──────── DATA SHOWN
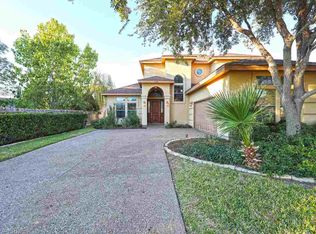 3824 Copper Bend Rd, Laredo, TX 78045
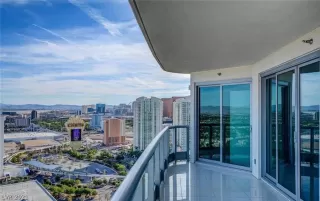 Photo #6: 2307844 Listing 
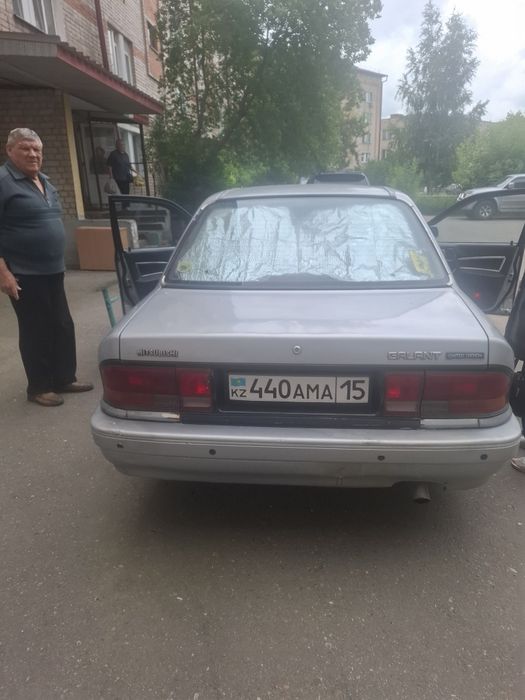 Продам авто машину 1991 года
────────────────
**TASK BRIEF**
Repeat the whole listing above word for word, but keep any picture out of it.

**EXERCISE RESPONSE**
 3824 Copper Bend Rd, Laredo, TX 78045
 Photo #6: 2307844 Listing 
 Продам авто машину 1991 года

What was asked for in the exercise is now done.